* [SOURCE DATA]:

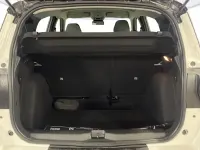 Nuova Citroën C3 Aircross PureTech 101 CV (74 kW) 2026 Bianco SUV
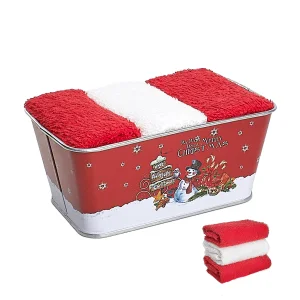   Mallory 2402 SET(3 .) 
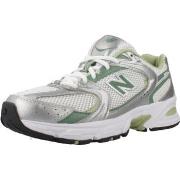 Tennarit New Balance  MR530  37 1/2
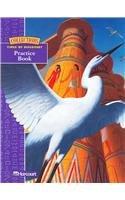 Book Harcourt School Publishers Collections: Practice Book Grade 6 free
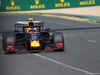 GP AUSTRALIA, 16.03.2019- free practice 3, Pierre Gasly (FRA) Redbull Racing RB15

* [WHAT IS REQUIRED]: Your answer must be an exact copy of the records above, with no pictures included.

* [ANSWER SECTION]:
 Nuova Citroën C3 Aircross PureTech 101 CV (74 kW) 2026 Bianco SUV
   Mallory 2402 SET(3 .) 
 Tennarit New Balance  MR530  37 1/2
 Book Harcourt School Publishers Collections: Practice Book Grade 6 free
 GP AUSTRALIA, 16.03.2019- free practice 3, Pierre Gasly (FRA) Redbull Racing RB15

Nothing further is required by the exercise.